_Exercise instructions:_ Reproduce every line of the material below, but drop the pictures.
• • • • •
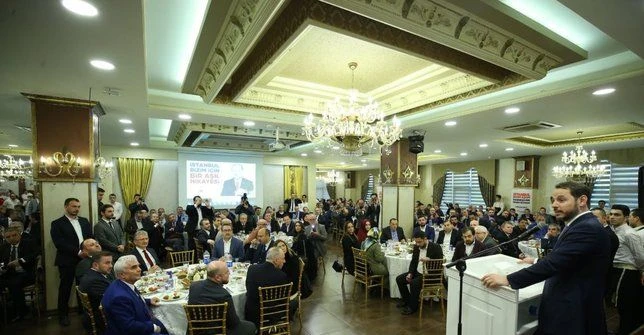 Bakan Albayrak'a İstanbul'da sevgi seli!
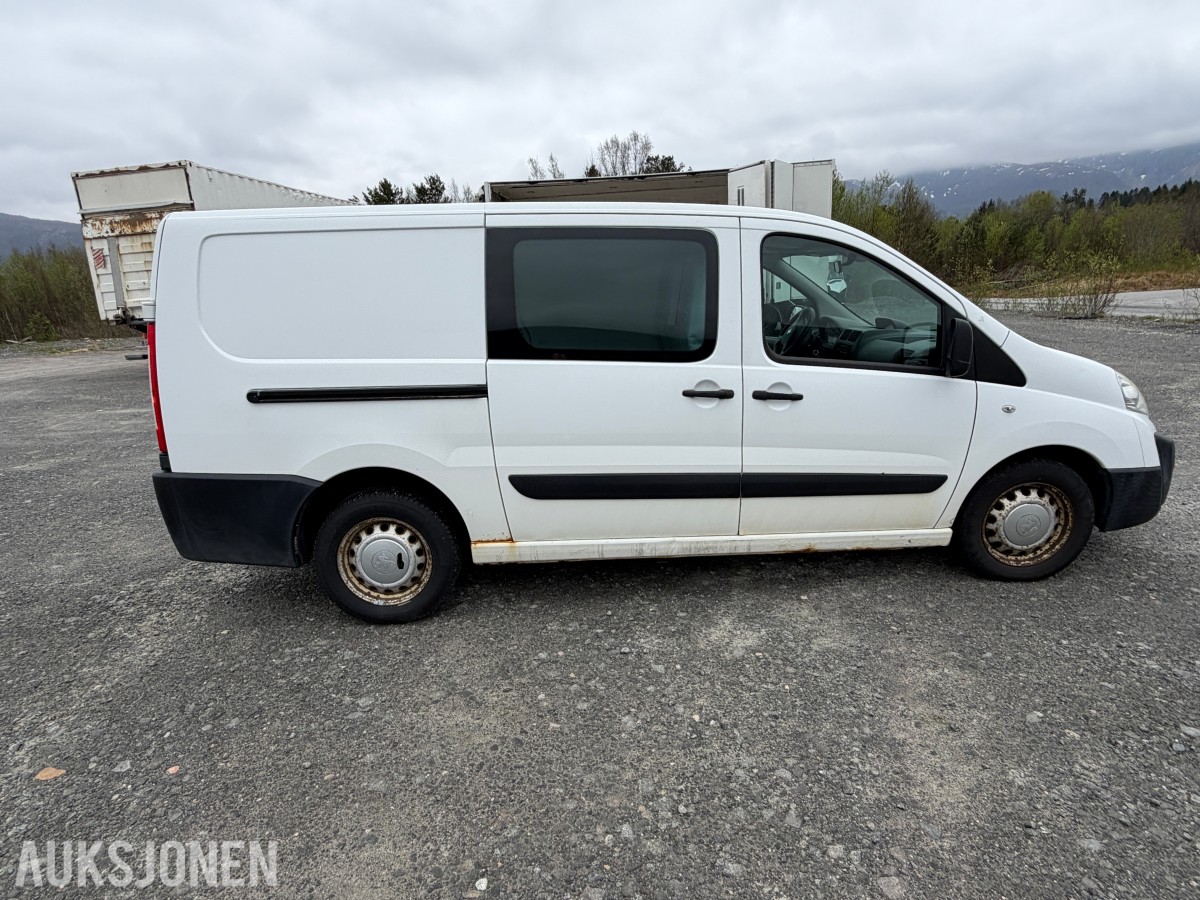 Peugeot EXPERT 2.0-120 D - 2009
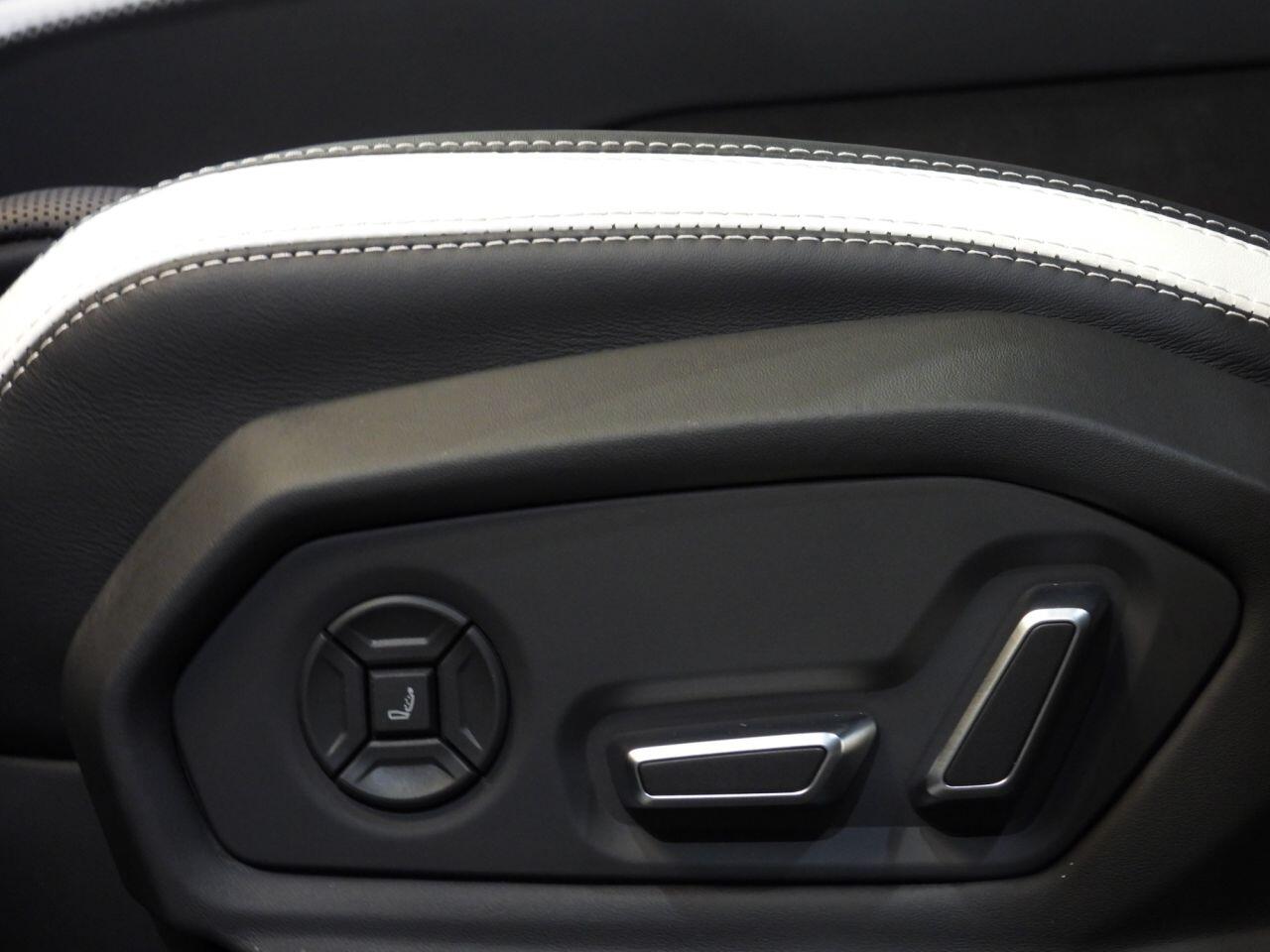 Lamborghini Urus view 52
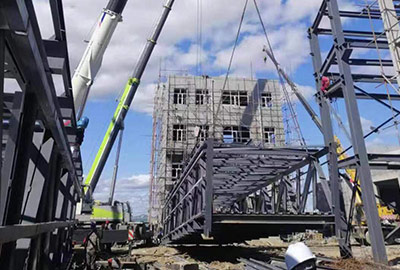 快馬加鞭未下鞍，驚回首，離天三尺三！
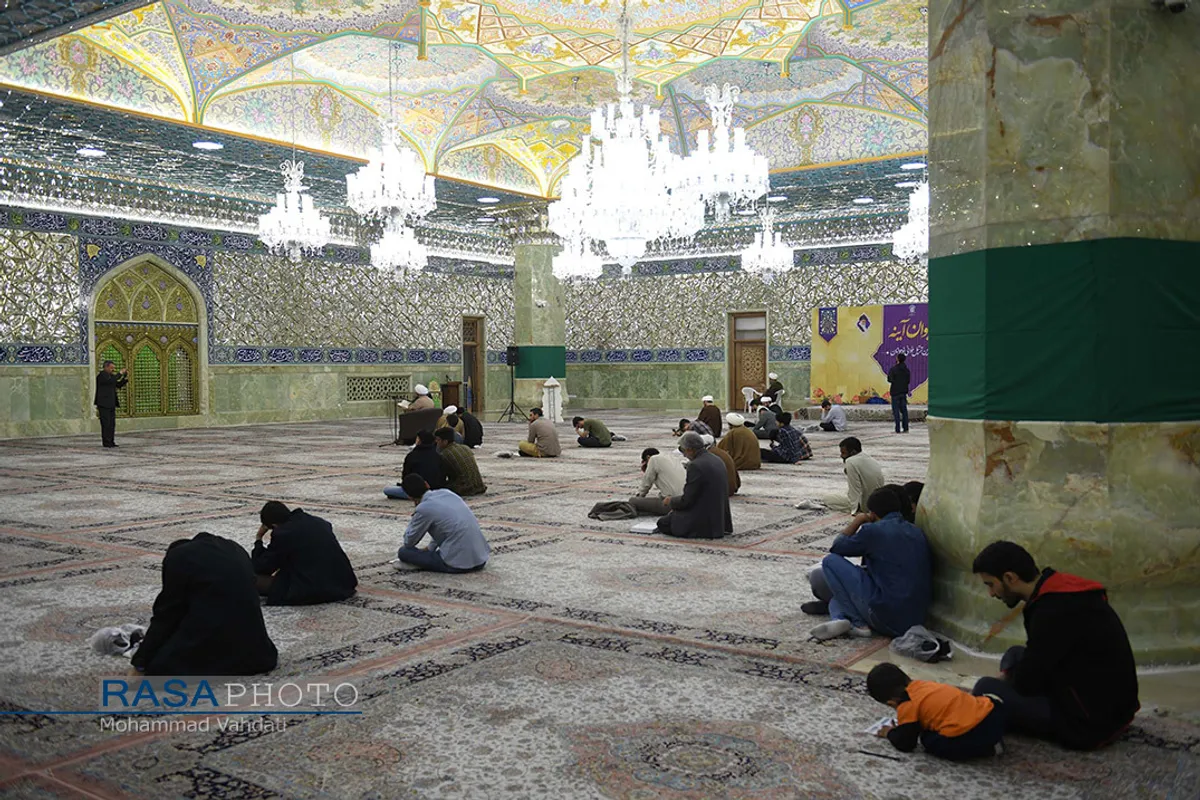 مراسم قرائت کامل دعای ابوحمزه&zwnj;ثمالی در حرم کریمه اهلبیت (ع)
• • • • •
_Exercise answer:_
 Bakan Albayrak'a İstanbul'da sevgi seli!
 Peugeot EXPERT 2.0-120 D - 2009
 Lamborghini Urus view 52
 快馬加鞭未下鞍，驚回首，離天三尺三！
 مراسم قرائت کامل دعای ابوحمزه&zwnj;ثمالی در حرم کریمه اهلبیت (ع)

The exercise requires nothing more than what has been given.